** Problem statement **
Provide an exact copy of the lines from the beginning of the records through the line that includes "Coperni - Floral-appliqué satin top", and of no others.
START Exercise material
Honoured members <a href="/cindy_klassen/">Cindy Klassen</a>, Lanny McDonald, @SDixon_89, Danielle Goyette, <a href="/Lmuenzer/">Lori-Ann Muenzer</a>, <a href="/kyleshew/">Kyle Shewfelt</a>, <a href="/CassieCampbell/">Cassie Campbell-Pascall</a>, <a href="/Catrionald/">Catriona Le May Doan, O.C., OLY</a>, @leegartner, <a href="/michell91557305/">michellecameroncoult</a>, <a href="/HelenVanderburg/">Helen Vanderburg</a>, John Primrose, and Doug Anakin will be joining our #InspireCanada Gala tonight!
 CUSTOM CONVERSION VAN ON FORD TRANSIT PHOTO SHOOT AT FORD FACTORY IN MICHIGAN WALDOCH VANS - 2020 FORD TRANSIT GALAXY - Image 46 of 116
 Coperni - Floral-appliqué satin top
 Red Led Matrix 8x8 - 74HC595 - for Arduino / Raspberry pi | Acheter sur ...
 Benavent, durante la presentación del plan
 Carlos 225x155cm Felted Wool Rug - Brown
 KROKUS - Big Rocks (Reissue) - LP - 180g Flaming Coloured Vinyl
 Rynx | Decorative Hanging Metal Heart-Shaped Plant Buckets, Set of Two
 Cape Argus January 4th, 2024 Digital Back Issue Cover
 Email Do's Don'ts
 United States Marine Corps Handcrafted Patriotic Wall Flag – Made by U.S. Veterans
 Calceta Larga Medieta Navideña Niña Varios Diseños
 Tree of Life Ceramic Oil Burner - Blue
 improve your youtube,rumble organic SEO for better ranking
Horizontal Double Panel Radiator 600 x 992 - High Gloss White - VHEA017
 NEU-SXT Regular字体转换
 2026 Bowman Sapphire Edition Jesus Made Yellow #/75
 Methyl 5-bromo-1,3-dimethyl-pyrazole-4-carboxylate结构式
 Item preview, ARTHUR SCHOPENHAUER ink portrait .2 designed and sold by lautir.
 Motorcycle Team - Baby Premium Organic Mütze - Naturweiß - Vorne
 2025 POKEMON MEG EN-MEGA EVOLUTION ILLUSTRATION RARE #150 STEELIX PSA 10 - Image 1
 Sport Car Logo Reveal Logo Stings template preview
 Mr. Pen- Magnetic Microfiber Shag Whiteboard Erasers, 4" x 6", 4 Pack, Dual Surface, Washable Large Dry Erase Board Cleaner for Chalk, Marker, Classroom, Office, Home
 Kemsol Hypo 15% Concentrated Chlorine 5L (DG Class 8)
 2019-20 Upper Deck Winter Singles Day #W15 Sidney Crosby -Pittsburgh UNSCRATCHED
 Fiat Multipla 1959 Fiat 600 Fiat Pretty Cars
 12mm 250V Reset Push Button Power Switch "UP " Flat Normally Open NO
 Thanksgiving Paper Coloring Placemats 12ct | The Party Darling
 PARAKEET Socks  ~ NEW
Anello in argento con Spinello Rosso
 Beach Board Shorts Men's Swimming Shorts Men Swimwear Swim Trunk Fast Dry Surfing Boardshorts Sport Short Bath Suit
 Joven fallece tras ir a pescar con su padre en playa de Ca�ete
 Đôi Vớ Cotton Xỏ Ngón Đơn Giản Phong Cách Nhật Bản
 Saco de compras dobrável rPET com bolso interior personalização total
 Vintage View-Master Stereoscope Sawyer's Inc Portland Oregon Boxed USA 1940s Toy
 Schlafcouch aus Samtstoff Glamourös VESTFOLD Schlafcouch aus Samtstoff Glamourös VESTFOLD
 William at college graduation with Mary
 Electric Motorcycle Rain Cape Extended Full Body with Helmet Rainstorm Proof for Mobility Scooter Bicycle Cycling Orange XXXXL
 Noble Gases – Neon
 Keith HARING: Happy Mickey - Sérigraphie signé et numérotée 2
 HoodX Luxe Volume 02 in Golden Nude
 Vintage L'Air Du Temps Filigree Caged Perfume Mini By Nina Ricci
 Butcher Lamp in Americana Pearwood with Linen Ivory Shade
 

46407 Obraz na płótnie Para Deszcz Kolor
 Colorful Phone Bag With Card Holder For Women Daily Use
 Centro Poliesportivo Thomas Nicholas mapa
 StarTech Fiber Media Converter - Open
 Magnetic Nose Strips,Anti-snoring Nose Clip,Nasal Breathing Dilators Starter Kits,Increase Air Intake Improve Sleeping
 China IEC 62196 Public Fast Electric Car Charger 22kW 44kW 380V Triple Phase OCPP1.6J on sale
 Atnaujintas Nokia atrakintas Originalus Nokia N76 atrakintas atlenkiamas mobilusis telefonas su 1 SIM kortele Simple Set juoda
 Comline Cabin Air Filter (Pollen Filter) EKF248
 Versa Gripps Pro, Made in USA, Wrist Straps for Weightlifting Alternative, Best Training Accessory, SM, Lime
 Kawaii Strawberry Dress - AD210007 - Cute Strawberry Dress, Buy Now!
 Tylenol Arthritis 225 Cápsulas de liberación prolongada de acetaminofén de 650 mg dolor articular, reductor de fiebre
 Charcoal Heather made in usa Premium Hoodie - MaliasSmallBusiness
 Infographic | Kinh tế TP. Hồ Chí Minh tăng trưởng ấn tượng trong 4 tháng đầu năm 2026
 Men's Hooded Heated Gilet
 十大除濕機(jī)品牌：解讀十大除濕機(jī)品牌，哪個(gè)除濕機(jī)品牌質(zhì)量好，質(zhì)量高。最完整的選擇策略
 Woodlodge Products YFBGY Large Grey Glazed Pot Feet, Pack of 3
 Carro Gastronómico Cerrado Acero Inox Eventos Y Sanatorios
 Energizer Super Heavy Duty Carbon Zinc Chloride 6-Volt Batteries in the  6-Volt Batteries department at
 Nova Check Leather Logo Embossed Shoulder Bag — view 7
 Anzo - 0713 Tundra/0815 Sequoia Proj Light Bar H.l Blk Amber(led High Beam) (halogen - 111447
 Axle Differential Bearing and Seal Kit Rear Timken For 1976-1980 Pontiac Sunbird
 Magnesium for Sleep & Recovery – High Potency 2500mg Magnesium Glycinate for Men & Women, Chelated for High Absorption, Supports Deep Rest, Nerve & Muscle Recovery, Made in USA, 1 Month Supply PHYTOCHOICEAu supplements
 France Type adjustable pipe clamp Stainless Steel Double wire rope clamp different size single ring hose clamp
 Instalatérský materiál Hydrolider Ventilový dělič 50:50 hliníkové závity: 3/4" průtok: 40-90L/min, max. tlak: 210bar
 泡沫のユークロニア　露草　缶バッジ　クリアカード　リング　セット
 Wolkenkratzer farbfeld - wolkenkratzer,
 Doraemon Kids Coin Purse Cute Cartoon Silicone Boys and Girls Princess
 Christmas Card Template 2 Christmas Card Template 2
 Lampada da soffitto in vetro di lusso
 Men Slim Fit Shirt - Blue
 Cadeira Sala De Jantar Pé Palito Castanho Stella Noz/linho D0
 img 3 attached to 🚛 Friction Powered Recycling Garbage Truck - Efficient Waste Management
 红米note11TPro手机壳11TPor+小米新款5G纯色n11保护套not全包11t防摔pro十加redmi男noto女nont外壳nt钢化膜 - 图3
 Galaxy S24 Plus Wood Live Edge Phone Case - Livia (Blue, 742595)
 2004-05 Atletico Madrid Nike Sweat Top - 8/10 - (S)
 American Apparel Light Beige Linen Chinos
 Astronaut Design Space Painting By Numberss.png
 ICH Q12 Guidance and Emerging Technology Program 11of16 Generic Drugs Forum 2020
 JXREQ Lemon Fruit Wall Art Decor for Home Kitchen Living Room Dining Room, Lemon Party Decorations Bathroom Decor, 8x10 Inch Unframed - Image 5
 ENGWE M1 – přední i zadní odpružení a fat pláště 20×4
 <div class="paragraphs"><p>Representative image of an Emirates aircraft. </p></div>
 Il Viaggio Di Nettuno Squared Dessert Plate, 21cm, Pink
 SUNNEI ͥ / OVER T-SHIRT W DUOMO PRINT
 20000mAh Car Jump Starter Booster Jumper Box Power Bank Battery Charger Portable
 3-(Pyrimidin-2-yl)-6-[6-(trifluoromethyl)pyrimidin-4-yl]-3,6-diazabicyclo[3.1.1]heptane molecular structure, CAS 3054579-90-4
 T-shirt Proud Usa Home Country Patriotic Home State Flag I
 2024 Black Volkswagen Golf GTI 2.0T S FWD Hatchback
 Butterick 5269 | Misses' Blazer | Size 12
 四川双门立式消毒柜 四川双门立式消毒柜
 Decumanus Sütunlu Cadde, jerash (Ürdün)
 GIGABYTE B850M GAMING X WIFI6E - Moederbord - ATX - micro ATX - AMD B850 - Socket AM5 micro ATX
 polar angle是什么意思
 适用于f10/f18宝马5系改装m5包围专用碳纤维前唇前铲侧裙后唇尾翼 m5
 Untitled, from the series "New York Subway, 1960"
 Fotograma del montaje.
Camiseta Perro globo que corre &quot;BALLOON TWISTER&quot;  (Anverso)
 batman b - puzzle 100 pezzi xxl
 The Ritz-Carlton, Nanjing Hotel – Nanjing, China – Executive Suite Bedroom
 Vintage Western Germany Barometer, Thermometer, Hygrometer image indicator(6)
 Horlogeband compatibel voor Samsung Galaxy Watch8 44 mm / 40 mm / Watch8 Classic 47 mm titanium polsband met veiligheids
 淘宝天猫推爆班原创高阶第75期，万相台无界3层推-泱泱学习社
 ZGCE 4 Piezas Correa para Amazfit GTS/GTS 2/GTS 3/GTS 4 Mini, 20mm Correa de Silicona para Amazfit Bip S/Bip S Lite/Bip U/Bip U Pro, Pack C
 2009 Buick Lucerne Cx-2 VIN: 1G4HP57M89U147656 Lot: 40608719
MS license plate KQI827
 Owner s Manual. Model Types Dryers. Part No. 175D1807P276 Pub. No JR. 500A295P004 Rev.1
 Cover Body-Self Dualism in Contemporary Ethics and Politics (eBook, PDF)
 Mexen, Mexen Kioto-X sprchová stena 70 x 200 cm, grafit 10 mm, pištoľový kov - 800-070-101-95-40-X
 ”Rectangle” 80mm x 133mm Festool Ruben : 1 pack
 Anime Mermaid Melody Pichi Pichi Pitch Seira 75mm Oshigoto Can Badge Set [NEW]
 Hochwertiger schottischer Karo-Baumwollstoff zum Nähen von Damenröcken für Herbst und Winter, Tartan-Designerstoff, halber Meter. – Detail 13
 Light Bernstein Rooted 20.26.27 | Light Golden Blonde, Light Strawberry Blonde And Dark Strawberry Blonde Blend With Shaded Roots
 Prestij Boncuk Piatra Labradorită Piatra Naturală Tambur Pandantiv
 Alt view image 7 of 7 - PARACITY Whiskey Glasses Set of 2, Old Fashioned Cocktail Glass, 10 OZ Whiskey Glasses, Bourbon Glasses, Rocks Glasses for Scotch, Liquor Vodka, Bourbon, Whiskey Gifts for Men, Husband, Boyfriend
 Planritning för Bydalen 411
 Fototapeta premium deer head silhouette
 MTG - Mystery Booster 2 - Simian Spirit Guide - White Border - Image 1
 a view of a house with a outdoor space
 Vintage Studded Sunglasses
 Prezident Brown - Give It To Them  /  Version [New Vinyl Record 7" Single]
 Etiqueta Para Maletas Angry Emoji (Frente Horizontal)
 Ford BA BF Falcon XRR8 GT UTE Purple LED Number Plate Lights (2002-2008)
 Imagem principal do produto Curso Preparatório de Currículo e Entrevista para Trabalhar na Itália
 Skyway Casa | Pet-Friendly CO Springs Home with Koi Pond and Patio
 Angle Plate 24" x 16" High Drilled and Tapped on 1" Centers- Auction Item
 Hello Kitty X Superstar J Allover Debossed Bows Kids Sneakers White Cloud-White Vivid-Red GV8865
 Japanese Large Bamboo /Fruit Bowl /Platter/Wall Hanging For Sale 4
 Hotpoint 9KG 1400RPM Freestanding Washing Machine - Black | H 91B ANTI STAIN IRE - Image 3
END Exercise material
** Problem solution **
Honoured members <a href="/cindy_klassen/">Cindy Klassen</a>, Lanny McDonald, @SDixon_89, Danielle Goyette, <a href="/Lmuenzer/">Lori-Ann Muenzer</a>, <a href="/kyleshew/">Kyle Shewfelt</a>, <a href="/CassieCampbell/">Cassie Campbell-Pascall</a>, <a href="/Catrionald/">Catriona Le May Doan, O.C., OLY</a>, @leegartner, <a href="/michell91557305/">michellecameroncoult</a>, <a href="/HelenVanderburg/">Helen Vanderburg</a>, John Primrose, and Doug Anakin will be joining our #InspireCanada Gala tonight!
 CUSTOM CONVERSION VAN ON FORD TRANSIT PHOTO SHOOT AT FORD FACTORY IN MICHIGAN WALDOCH VANS - 2020 FORD TRANSIT GALAXY - Image 46 of 116
 Coperni - Floral-appliqué satin top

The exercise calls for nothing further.